US Defense Secretary Ash Carter has announced that US troops and military equipment would be sent on regular rotations in the Philippines, and said the two countries had started joint patrols in the South China Sea amid increasingly assertive territorial claims by China.
The new military initiatives, consisting of rotations of US forces and equipment, are designed so that the US does not increase its permanent footprint in its former colony, but demonstrates that the two countries are increasing security co-operation amid joint concerns over China’s actions in the region’s disputed waterways.
The first US-Philippines joint patrol in the South China Sea occurred in March and a second one happened early this month and would occur “regularly” in the future, the Pentagon said.
China claims almost the entire South China Sea, believed to have huge deposits of oil and gas. Brunei, Malaysia, the Philippines, Taiwan and Vietnam also have claims to parts of the waters, through which about $US5 trillion in trade is shipped every year.
“Countries across the Asia-Pacific are voicing concern with China’s land reclamation, which stands out in size and scope, as well as its militarisation in the South China Sea,” Carter told reporters on Thursday.
“They’re voicing those concerns publicly and privately, at the highest levels, in regional meetings, and global fora.”
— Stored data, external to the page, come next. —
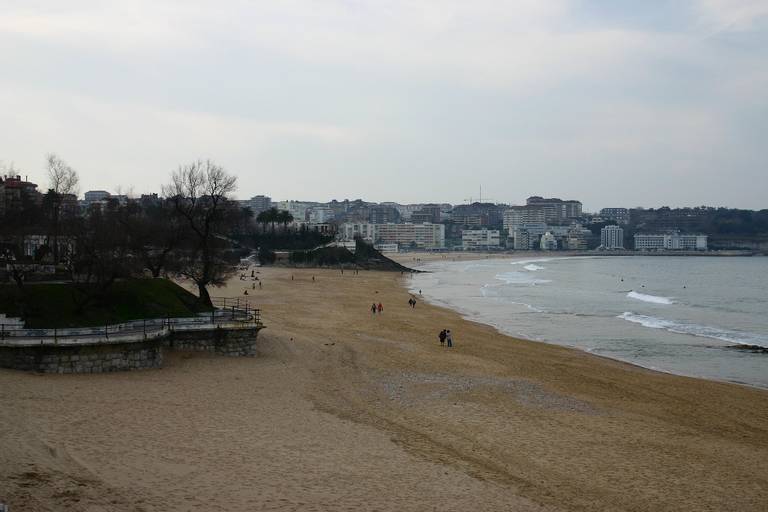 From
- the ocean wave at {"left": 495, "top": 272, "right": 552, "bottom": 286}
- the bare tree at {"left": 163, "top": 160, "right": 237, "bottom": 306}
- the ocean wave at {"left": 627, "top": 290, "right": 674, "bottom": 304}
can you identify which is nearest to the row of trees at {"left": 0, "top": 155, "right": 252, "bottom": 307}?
the bare tree at {"left": 163, "top": 160, "right": 237, "bottom": 306}

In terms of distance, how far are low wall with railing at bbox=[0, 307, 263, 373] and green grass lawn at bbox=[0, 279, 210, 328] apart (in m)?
1.13

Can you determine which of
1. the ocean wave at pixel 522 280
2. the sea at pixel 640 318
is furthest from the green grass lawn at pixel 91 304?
the ocean wave at pixel 522 280

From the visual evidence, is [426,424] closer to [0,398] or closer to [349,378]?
[349,378]

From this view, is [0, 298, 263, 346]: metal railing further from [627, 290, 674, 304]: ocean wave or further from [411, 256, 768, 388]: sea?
[627, 290, 674, 304]: ocean wave

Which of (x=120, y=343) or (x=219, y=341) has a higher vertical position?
(x=120, y=343)

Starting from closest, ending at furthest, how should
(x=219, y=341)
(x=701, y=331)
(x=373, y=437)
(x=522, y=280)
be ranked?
1. (x=373, y=437)
2. (x=219, y=341)
3. (x=701, y=331)
4. (x=522, y=280)

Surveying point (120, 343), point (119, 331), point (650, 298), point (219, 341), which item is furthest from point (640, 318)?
point (120, 343)

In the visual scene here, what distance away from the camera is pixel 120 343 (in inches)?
823

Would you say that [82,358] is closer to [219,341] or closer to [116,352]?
[116,352]

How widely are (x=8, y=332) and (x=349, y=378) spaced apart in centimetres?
1033

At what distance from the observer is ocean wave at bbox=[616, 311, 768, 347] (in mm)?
39938

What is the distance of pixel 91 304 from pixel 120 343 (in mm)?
3765

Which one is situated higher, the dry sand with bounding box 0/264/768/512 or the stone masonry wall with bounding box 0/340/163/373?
the stone masonry wall with bounding box 0/340/163/373

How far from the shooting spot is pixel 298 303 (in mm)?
50062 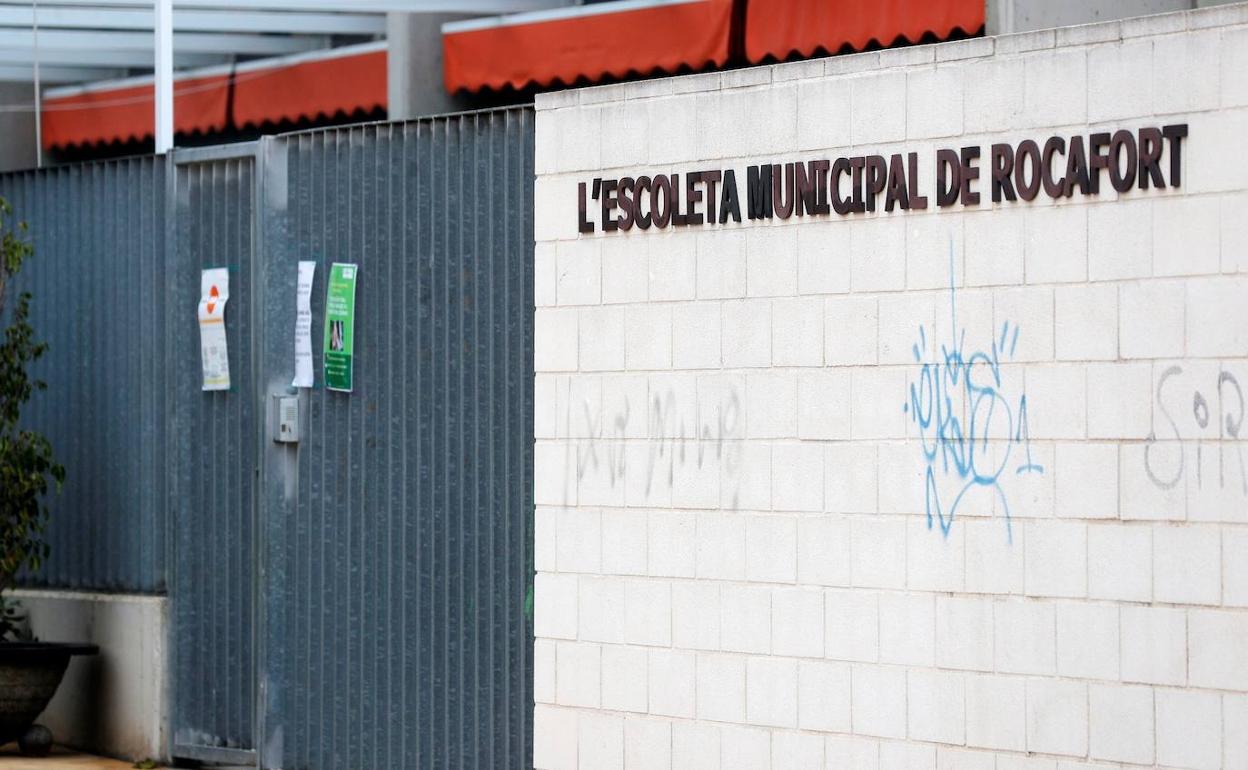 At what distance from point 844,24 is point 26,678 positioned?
5.37m

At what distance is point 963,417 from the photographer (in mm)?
7199

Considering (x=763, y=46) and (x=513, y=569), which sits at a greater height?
(x=763, y=46)

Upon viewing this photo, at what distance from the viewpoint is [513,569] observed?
878 cm

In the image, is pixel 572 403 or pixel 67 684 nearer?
pixel 572 403

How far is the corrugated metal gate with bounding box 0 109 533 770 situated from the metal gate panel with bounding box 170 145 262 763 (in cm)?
1

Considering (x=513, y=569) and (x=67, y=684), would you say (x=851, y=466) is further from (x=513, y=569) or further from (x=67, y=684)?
(x=67, y=684)

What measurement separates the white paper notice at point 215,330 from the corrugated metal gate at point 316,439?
0.19ft

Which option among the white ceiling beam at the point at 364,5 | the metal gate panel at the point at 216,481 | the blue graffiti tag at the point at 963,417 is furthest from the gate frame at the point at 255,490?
the blue graffiti tag at the point at 963,417

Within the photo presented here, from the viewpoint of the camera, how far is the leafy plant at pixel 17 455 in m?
10.5

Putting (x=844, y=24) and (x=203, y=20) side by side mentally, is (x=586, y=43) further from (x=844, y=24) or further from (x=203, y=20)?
(x=203, y=20)

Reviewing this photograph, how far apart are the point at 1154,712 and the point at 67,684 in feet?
20.1

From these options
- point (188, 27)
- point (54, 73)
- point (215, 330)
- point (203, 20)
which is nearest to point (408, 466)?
point (215, 330)

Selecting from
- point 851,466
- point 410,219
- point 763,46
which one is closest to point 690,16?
point 763,46

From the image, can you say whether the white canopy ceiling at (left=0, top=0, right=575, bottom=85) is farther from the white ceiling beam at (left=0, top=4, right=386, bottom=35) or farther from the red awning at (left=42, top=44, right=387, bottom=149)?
the red awning at (left=42, top=44, right=387, bottom=149) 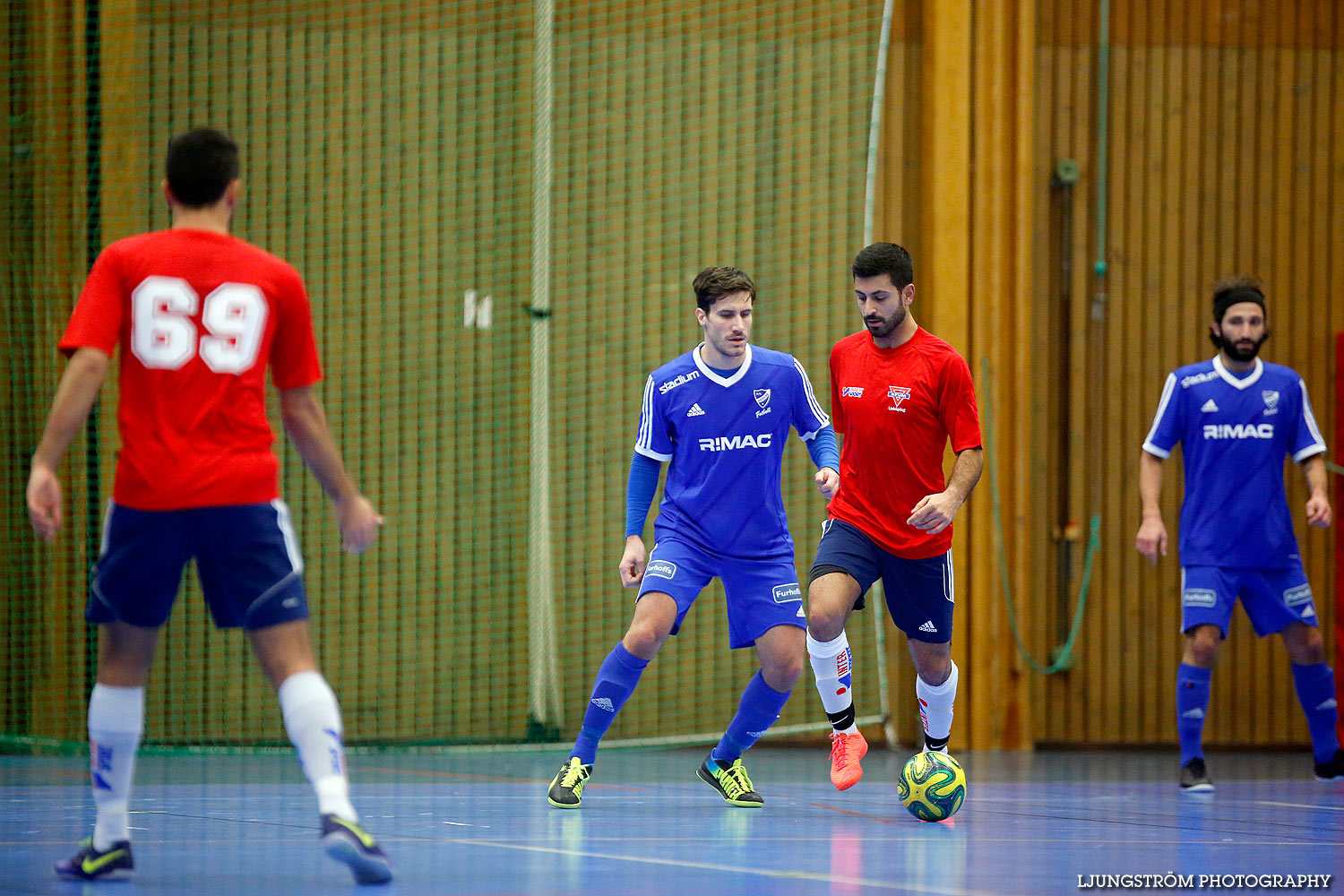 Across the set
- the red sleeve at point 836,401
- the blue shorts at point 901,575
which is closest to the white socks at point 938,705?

The Philippines has disputed China’s claims in a case it has brought before an international arbitration court.
A contingent of US military aircraft and 200 US airmen from US Pacific Air Forces would be at Clark Air Base, a former US Air Force base, through the end of the month, Carter said.
A US defence official said the US expected there would be additional follow-on rotations of aircraft.
In addition, up to 75 US troops, mostly Marines, would remain in the Philippines “on a rotational basis” after the conclusion of joint “Balikatan” US-Philippines military exercises this week. The troops would support “increased operations in the region”, the Pentagon said.